Physical abuse violently breaches safety boundaries, humiliates the victim, and demeans the abuser. when looking at boundaries we saw the skin as our most basic boundary. Physical abuse is a blatant and evident battering of this boundary, and is any physically aggressive behaviour, withholding of physical needs, indirect physical harm, or the threat of physical abuse.
Physically abusive behaviours are accompanied by verbal and psychological abuse that leaves mental as well as physical scars. The movie, The Burning Bed, starring the late Farrah Fawcett, graphically illustrates this behaviour. It was adapted from the non-fiction blog by Faith McNulty about a battered housewife, Francine Hughes, who set fire to her husband’s bedroom as he lay in a drunken sleep. The story is told in flashback by Francine, starting from the time she met her husband at a dance in 1963 until the night of the murder in 1977. The abuse follows the typical cycle discussed earlier, but eventually degenerates into unremitting abuse. The movie was traumatic for Farrah, who was also in a physically abusive relationship at an earlier stage of her life.
Victims’ stories in Elaine Weiss’s work also exhibit many instances of physical abusive behaviours.
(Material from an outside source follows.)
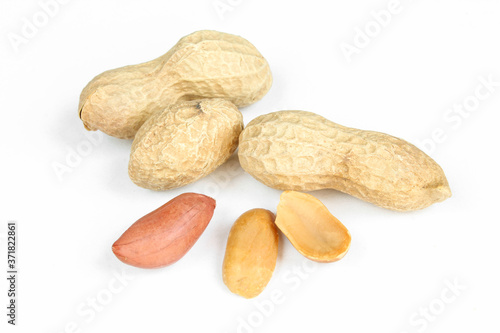 Three fresh plums isolated on white background. Tasty organic fruit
Some describe how abusive partners inflicted pain and fear without leaving any visible signs of abuse. One emotionally detached and immensely cruel husband placed a pillow over his wife’s face as she slept. The following day, he acted as if nothing had happened. Though he never left any marks of his physical violence, he inculcated the fear that is the hallmark of violence perpetuated by men against women. Sandra Horley, the Chief Executive of Refuge (A U.K. network of safe houses providing emergency accommodation for abused women and their children), was prompted to write her blog, Power and Control. Why Charming Men can make Dangerous Lovers, because of one woman, whose life was hell for 25 years, but whose husband never hit her. She also tells how one abusive husband kept a knife by the bed, and another an axe under the pillow. These are deliberate acts, carefully thought out to instil fear, and clearly illustrate that abuse is not about anger per se, but is managed and is about power and control.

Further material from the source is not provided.